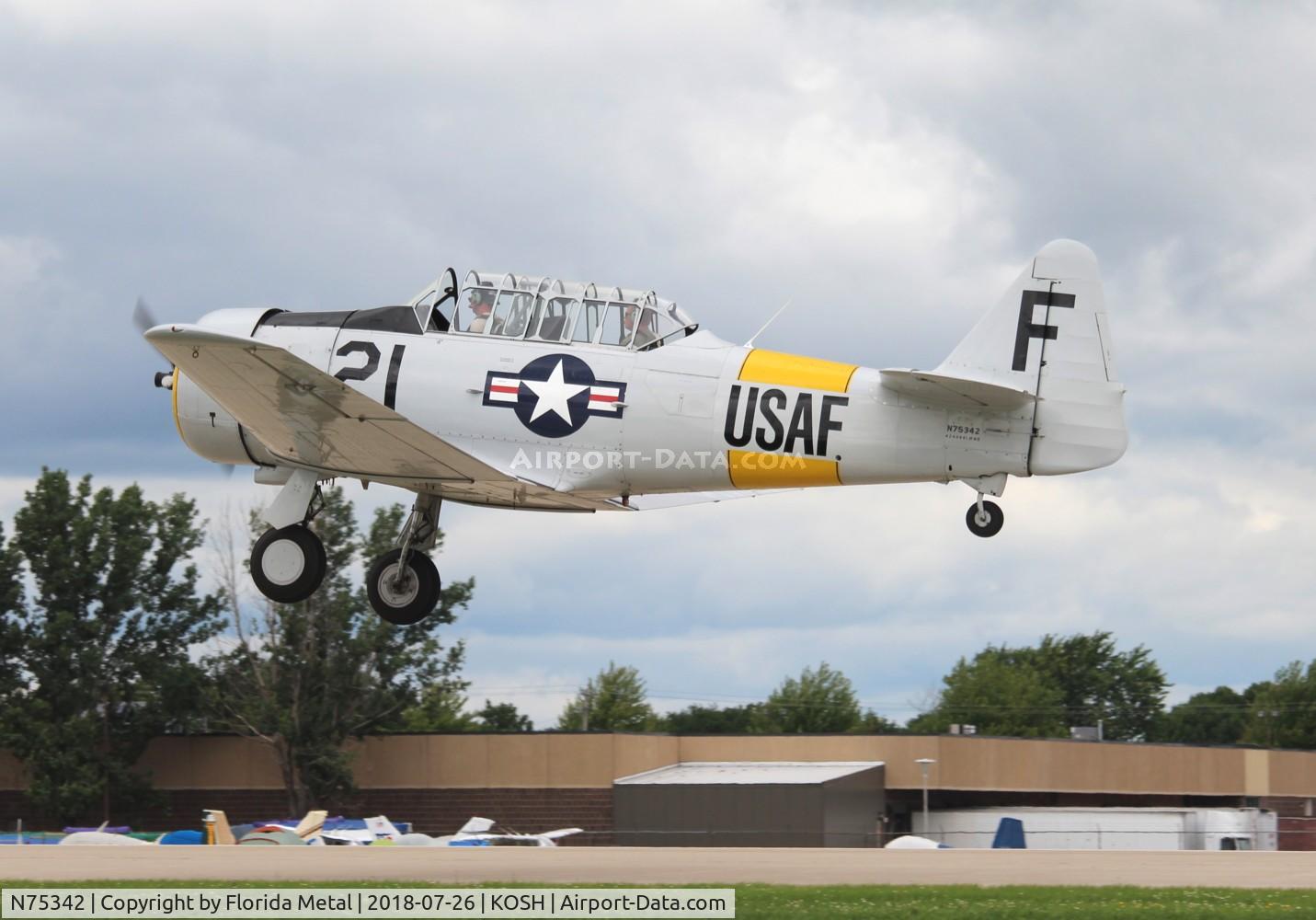 N75342, 1956 North American AT-6D Texan C/N 42-44641, EAA OSH 2018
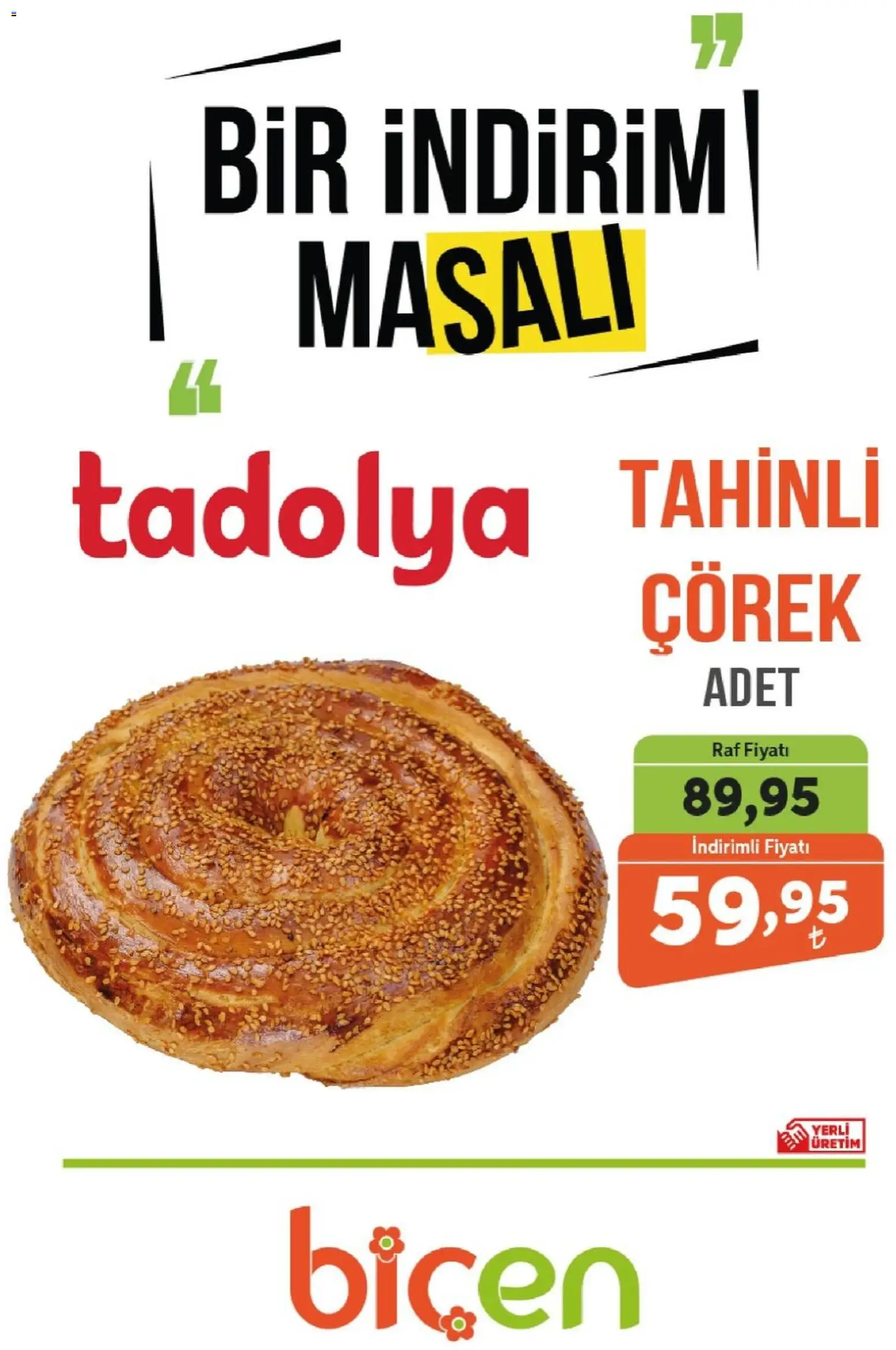 Biçen Market Bir İndirim MaSalı - 09.12.2025 tarihinden itibaren geçerlidir | Sayfa: 1 | Ürünler: Raf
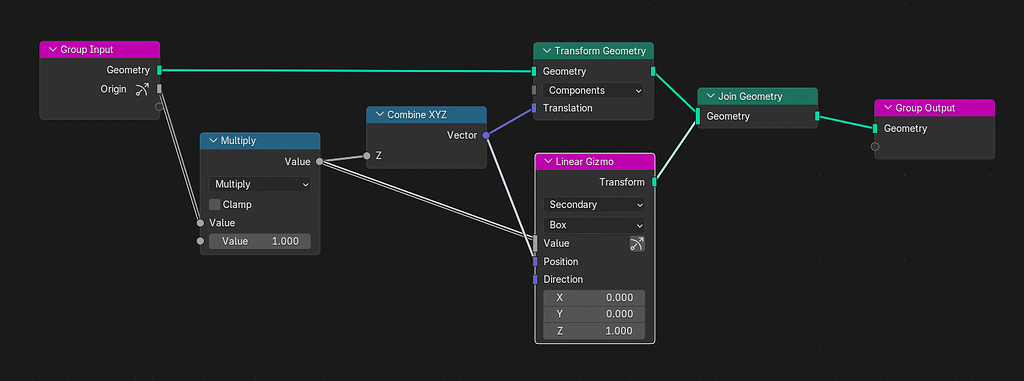 How to clamp a gizmo's position in geometry nodes? - Modeling - Blender ...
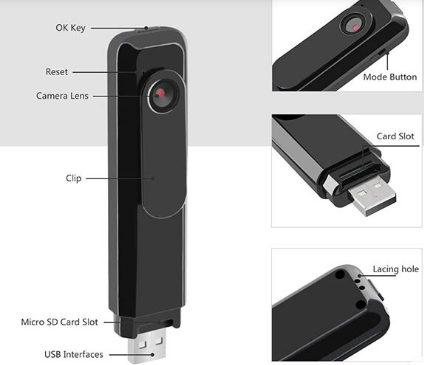 USB Mini Body Camera HD 1080P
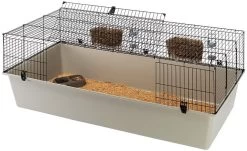 FERPLAST KONIJNENKOOI RABBIT 160 GRIJS/ZWART 156.5X77X61.5 CM -Ferplast ferplast konijnenkooi 1565 x 77 x 615 cm staal bruin zwart 3 486181 1603976816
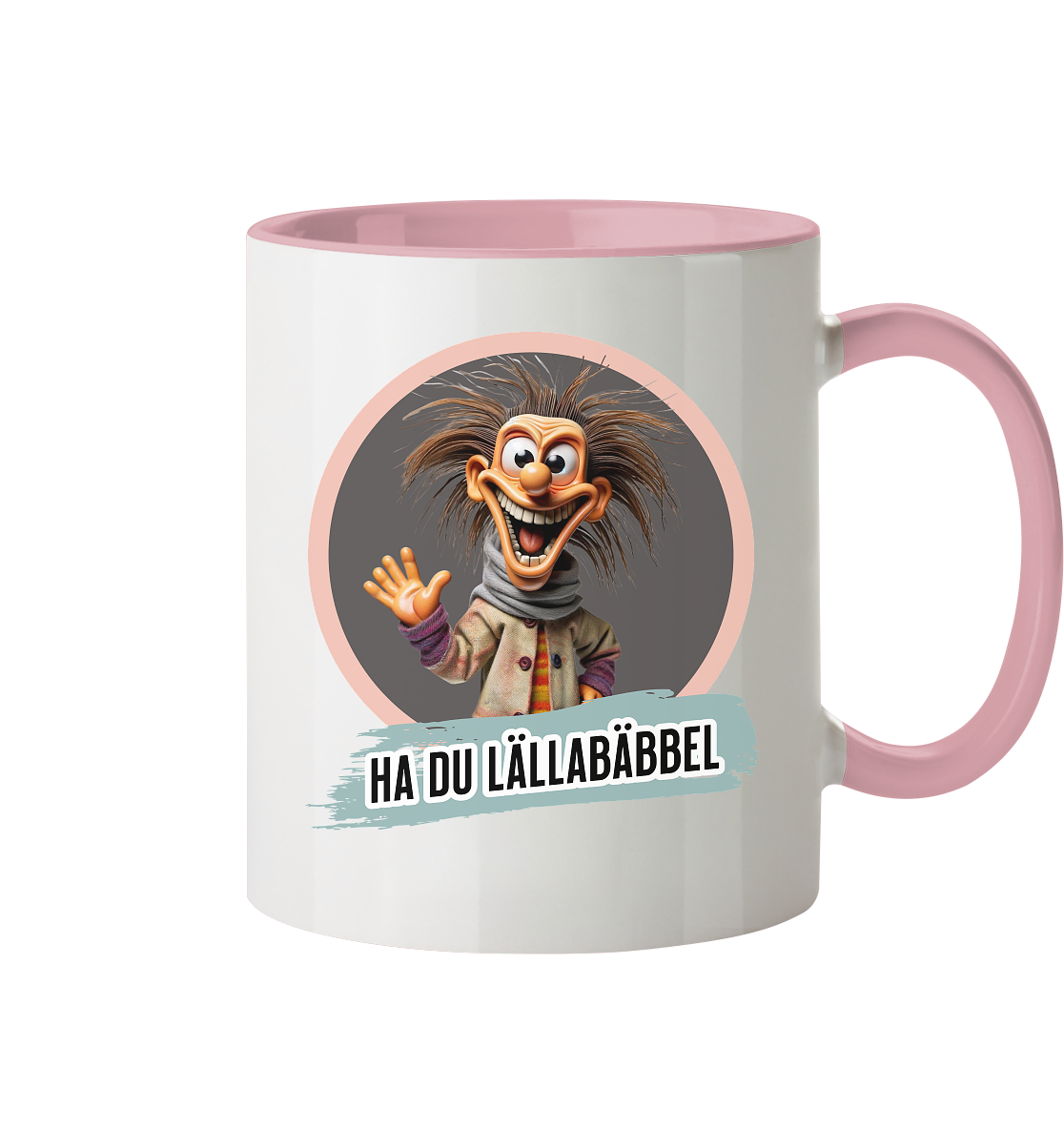 Fun-Tasse Motiv "Lällebäbbel" (Zweifarbig)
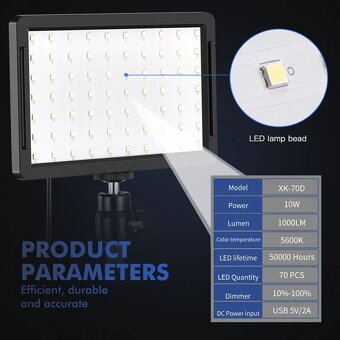 Teyeleec XK-70D 3 PACK LED Light Kit - 7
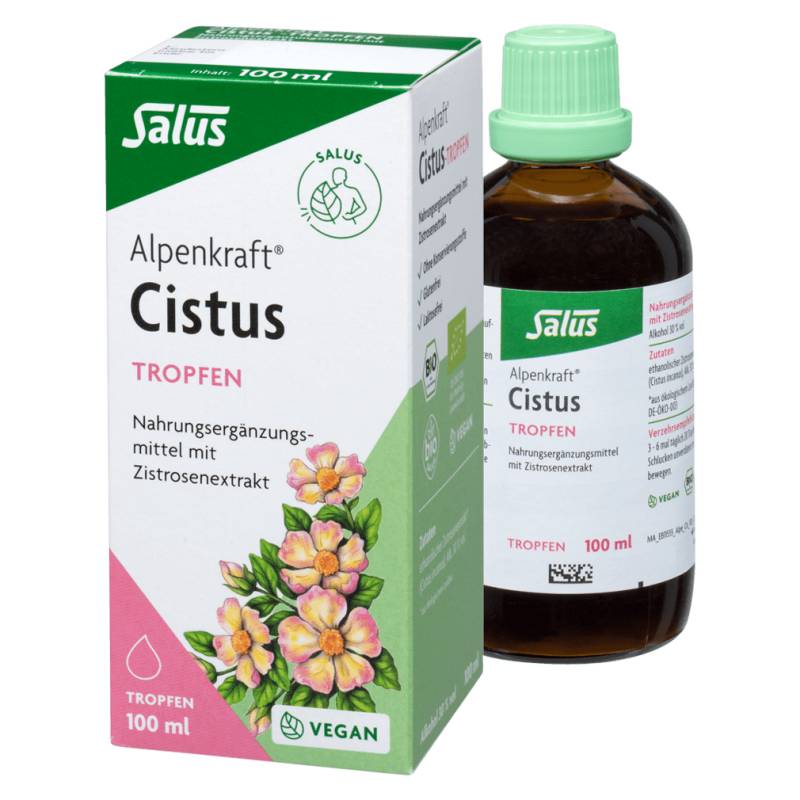 Alpenkraft Cistus-Tropfen von Salus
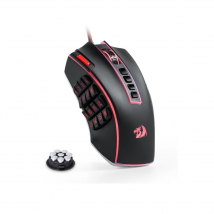 Mouse da gioco Redragon M990 MMO, Mouse da gioco RGB cablato ad alta precisione da 32000 DPI con 23 pulsanti programmabili, 16 tasti Macro laterali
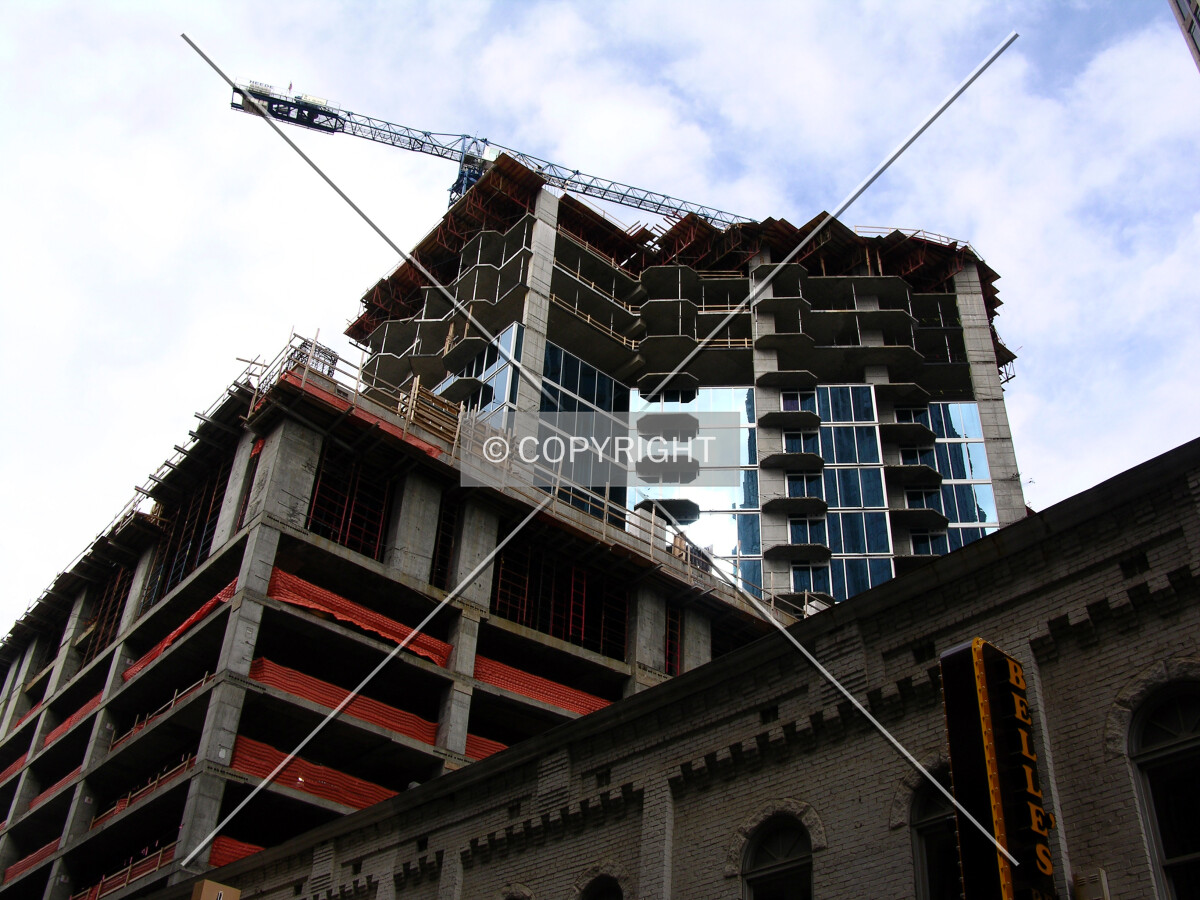 Looking up from the southeast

****************************************

Work to be completed: Reproduce each line above exactly, but not a single picture.

Output for this exercise:
 N75342, 1956 North American AT-6D Texan C/N 42-44641, EAA OSH 2018
 Biçen Market Bir İndirim MaSalı - 09.12.2025 tarihinden itibaren geçerlidir | Sayfa: 1 | Ürünler: Raf
 How to clamp a gizmo's position in geometry nodes? - Modeling - Blender ...
 USB Mini Body Camera HD 1080P
 FERPLAST KONIJNENKOOI RABBIT 160 GRIJS/ZWART 156.5X77X61.5 CM -Ferplast ferplast konijnenkooi 1565 x 77 x 615 cm staal bruin zwart 3 486181 1603976816
 Fun-Tasse Motiv "Lällebäbbel" (Zweifarbig)
 Teyeleec XK-70D 3 PACK LED Light Kit - 7
 Alpenkraft Cistus-Tropfen von Salus
 Mouse da gioco Redragon M990 MMO, Mouse da gioco RGB cablato ad alta precisione da 32000 DPI con 23 pulsanti programmabili, 16 tasti Macro laterali
 Looking up from the southeast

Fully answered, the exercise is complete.